→ **Task brief**
Transcribe each entry in full, and leave the images out.

********************

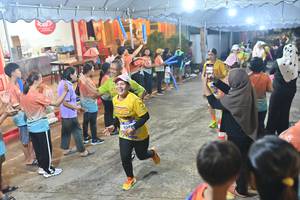 BIB: 1346
                            <button type="button" onclick="openModal(26242482)" class="btn btn-primary btn-sm float-right btn-popup" data-toggle="modal" data-target=".modal-high-quality">
                        <i class="fas fa-shopping-cart"></i> Add to Cart
                    </button>
                                            <button type="button" onclick="isThisMe(26242482, true)" class="btn btn-success btn-sm float-right btn-popup btn-isme hidden" data-toggle="tooltip" data-placement="bottom" title="นี่คือรูปของคุณใช่ไหม คลิกที่นี่เพื่อเอาเข้าอัลบั้ม">
                        <i class="fas fa-plus"></i> Add to album
                    </button>
                    <button type="button" onclick="isThisMe(26242482, false)" class="btn btn-warning btn-sm float-right btn-popup btn-isnotme hidden">
                        <i class="fas fa-ban"></i> Remove from album
                    </button>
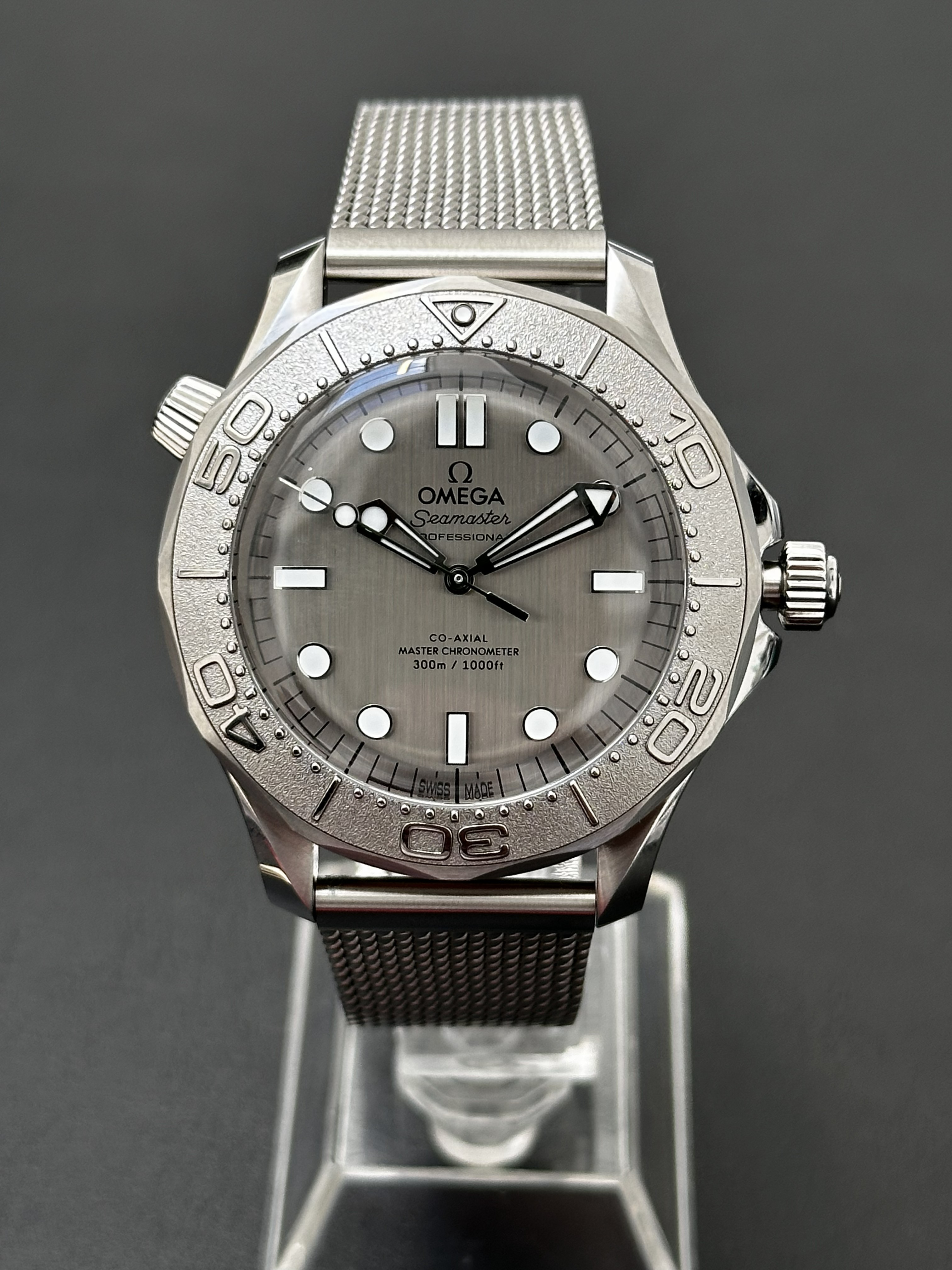 Omega Seamaster Diver 300m 210.30.42.20.06.002 Thumbnail 2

********************

→ **Result of this exercise**
 BIB: 1346
                            <button type="button" onclick="openModal(26242482)" class="btn btn-primary btn-sm float-right btn-popup" data-toggle="modal" data-target=".modal-high-quality">
                        <i class="fas fa-shopping-cart"></i> Add to Cart
                    </button>
                                            <button type="button" onclick="isThisMe(26242482, true)" class="btn btn-success btn-sm float-right btn-popup btn-isme hidden" data-toggle="tooltip" data-placement="bottom" title="นี่คือรูปของคุณใช่ไหม คลิกที่นี่เพื่อเอาเข้าอัลบั้ม">
                        <i class="fas fa-plus"></i> Add to album
                    </button>
                    <button type="button" onclick="isThisMe(26242482, false)" class="btn btn-warning btn-sm float-right btn-popup btn-isnotme hidden">
                        <i class="fas fa-ban"></i> Remove from album
                    </button>
 Omega Seamaster Diver 300m 210.30.42.20.06.002 Thumbnail 2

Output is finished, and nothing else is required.